◆ What you are asked to do: In the copy, include exactly the lines from the one with "美国专家认为中国核武库共计有280枚弹头 - 2018年7月3日, 俄罗斯卫星通讯社" through the end of the data and no others, both ends kept, with every picture left out.

◆ Given data:
============

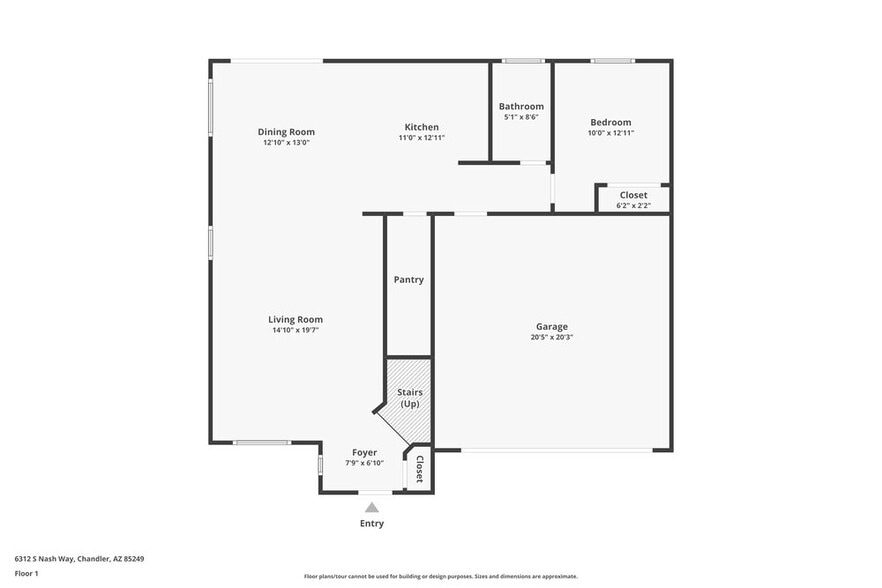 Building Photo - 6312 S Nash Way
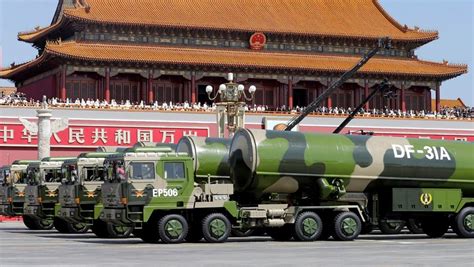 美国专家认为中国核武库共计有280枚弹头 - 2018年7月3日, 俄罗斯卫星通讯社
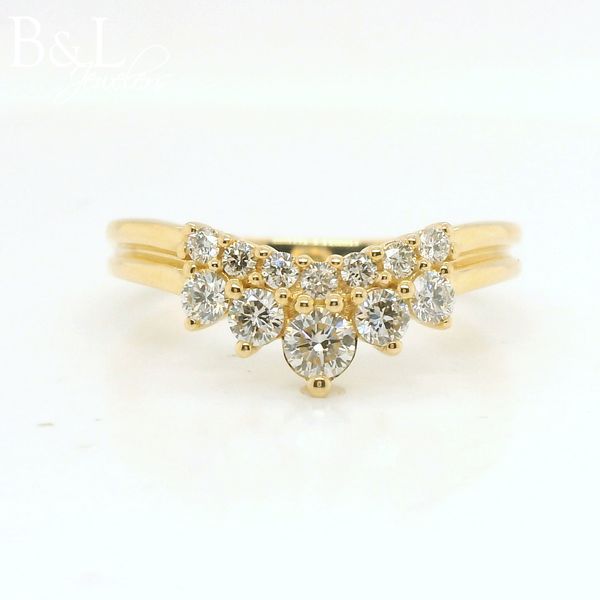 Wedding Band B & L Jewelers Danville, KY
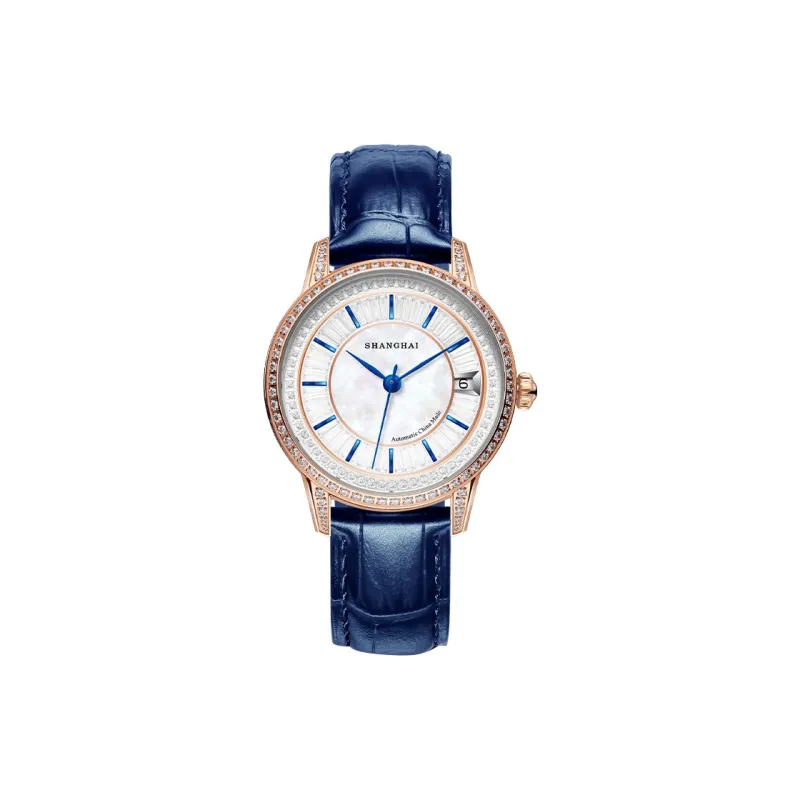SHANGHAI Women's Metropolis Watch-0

============

◆ Your solution:
 美国专家认为中国核武库共计有280枚弹头 - 2018年7月3日, 俄罗斯卫星通讯社
 Wedding Band B & L Jewelers Danville, KY
SHANGHAI Women's Metropolis Watch-0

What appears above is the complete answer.